Carole
Tétrel est Directrice juridique de Banque Richelieu France. Pour le Journal
des Sociétés, elle a accepté de revenir sur les problématiques actuelles
que connaît sa profession. Elle nous parle ainsi de la conformité et son rôle
de contrôle, mais aussi des enjeux numériques auxquels sa direction est
soumise.
L’univers des banques demeure plutôt masculin. Reste-t-il
des pistes à explorer pour assurer une meilleure parité ?

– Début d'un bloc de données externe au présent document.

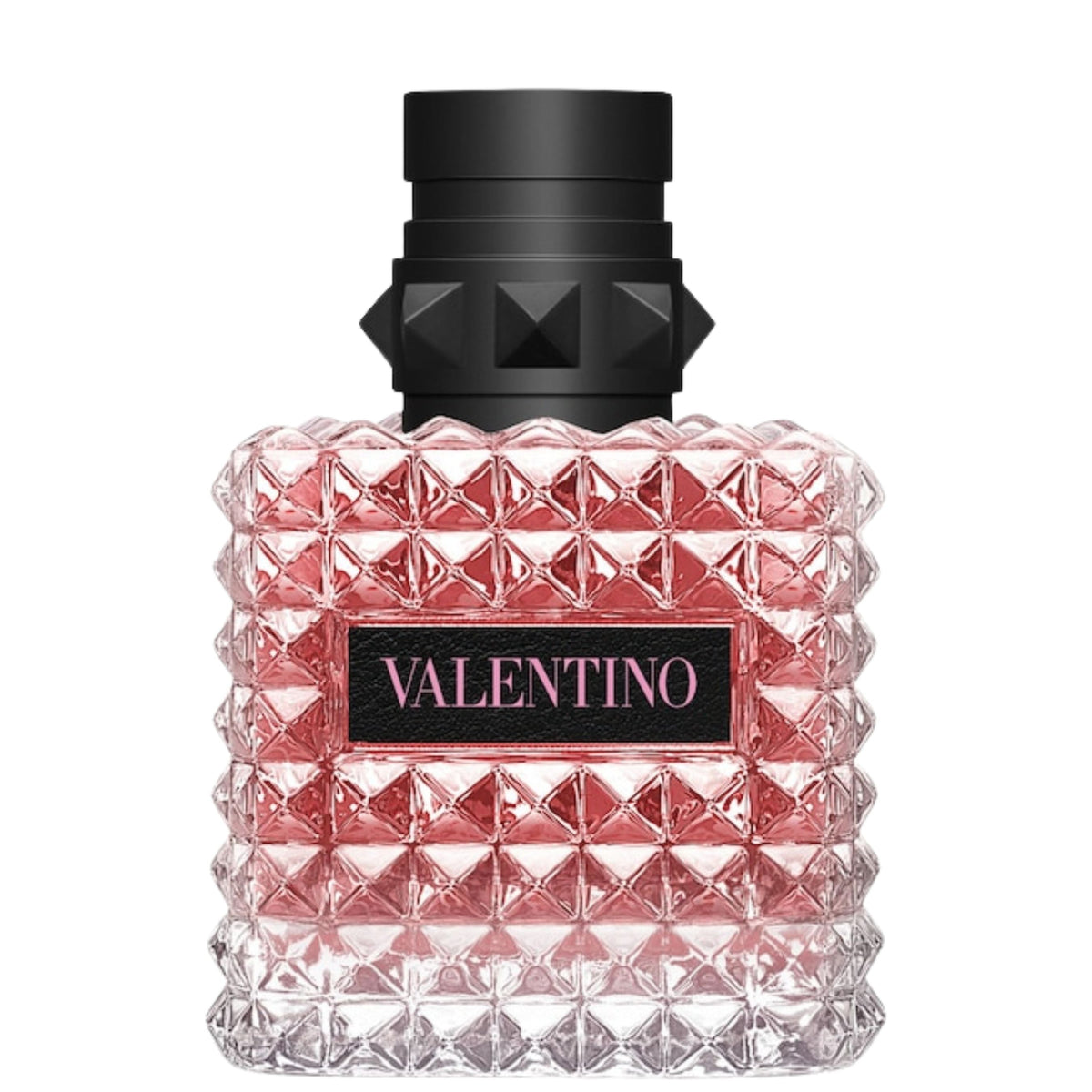 Valentino perfume bottle with pink textured design and black cap on a white background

Oui à l’évidence. Cette amélioration est vraie aussi dans
de nombreux autres domaines. Il faut d’ailleurs soutenir le travail des hommes
et des femmes qui ont le courage de porter ces évolutions positives de la
société. Sur le plan juridique, des barrières ont déjà été levées, avec
notamment les Lois sur l’égalité professionnelle, la Loi sur l’égalité homme
femme de 2014, ou encore plus récemment en août dernier la Loi sur la liberté
de choisir son avenir professionnel. L’axe principal d’amélioration reste
l’évolution des mentalités, me semble t-il, et les femmes doivent être
convaincues de leurs forces et capacités. Un des freins principaux à la parité
dans les milieux d’affaires touche à l’organisation du travail et à
l’articulation vie professionnelle et vie personnelle. Il faut offrir les
moyens de la flexibilité de l’organisation familiale, en particulier pour
rendre le télétravail « flexible », et la confiance mutuelle doit s’installer
entre le salarié et l’employeur. Mais c’est également dans le couple que les
choses doivent changer pour que les femmes aient réellement le choix du chemin
de leur vie.
Quel est l’ADN de votre direction juridique ?

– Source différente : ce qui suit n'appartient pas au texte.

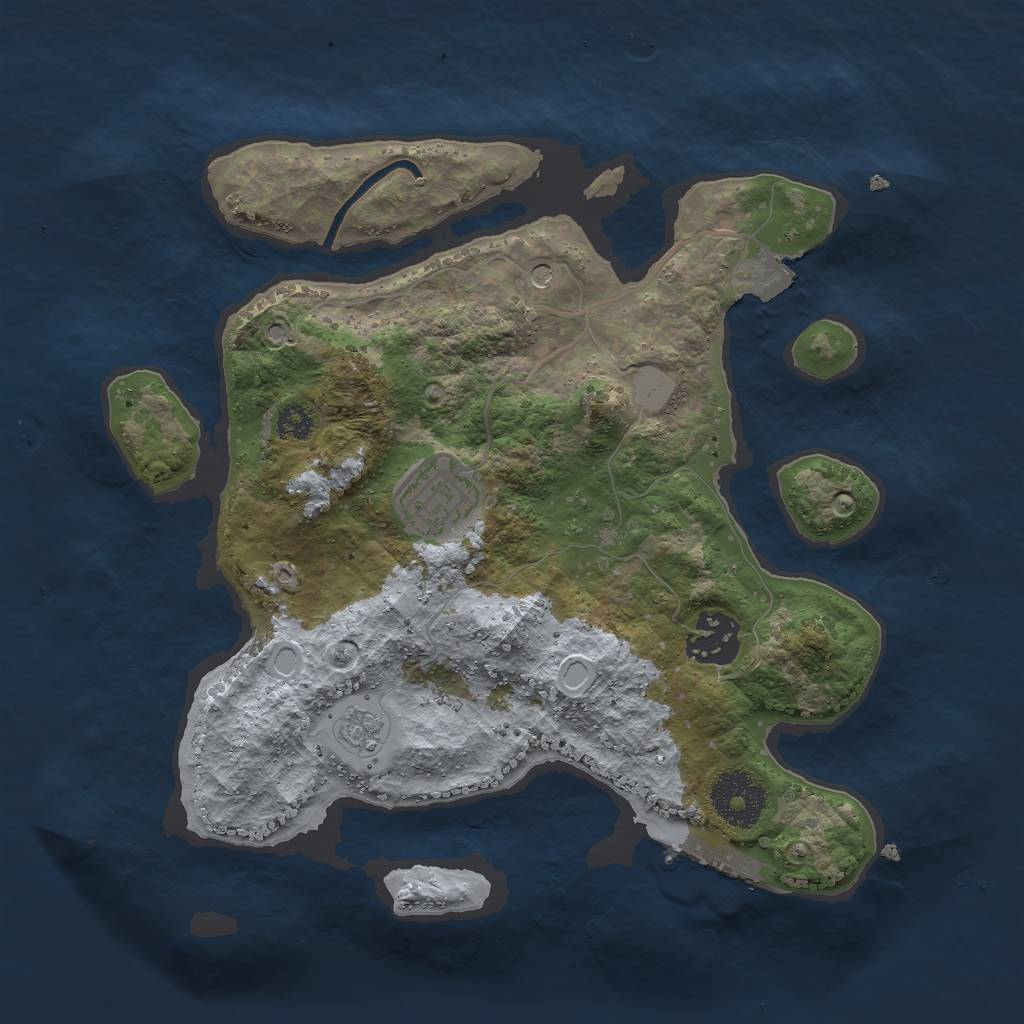 Rust Map: Procedural Map, Size: 2800, Seed: 689474646, 8 Monuments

À l’heure où les sociétés ont l’opportunité de
s’interroger sur leur « raison d’être» avec le projet de
Loi Pacte, la question est pertinente pour les directions juridiques. L’ADN
signifie dans sa définition primaire « acide désoxyribonucléique ». Mon acide à
moi c’est l’énergie. L’énergie à déployer auprès des clients de la direction
juridique pour collaborer sur les projets à mener ensemble, celle nécessaire
pour animer une équipe de juristes et la porter plus haut, et enfin celle qu’il
faut pour valoriser le travail accompli et convaincre sa Direction. Ma vision
d’une Direction Juridique de qualité est qu’il doit y avoir une alchimie entre
les compétences de chaque personne composant l’équipe, que l’objectif commun
doit être de travailler en collaboration avec les opérationnels et toujours
être en recherche d’efficacité opérationnelle. La Direction Juridique doit être
un partenaire de confiance et se positionner en business partner.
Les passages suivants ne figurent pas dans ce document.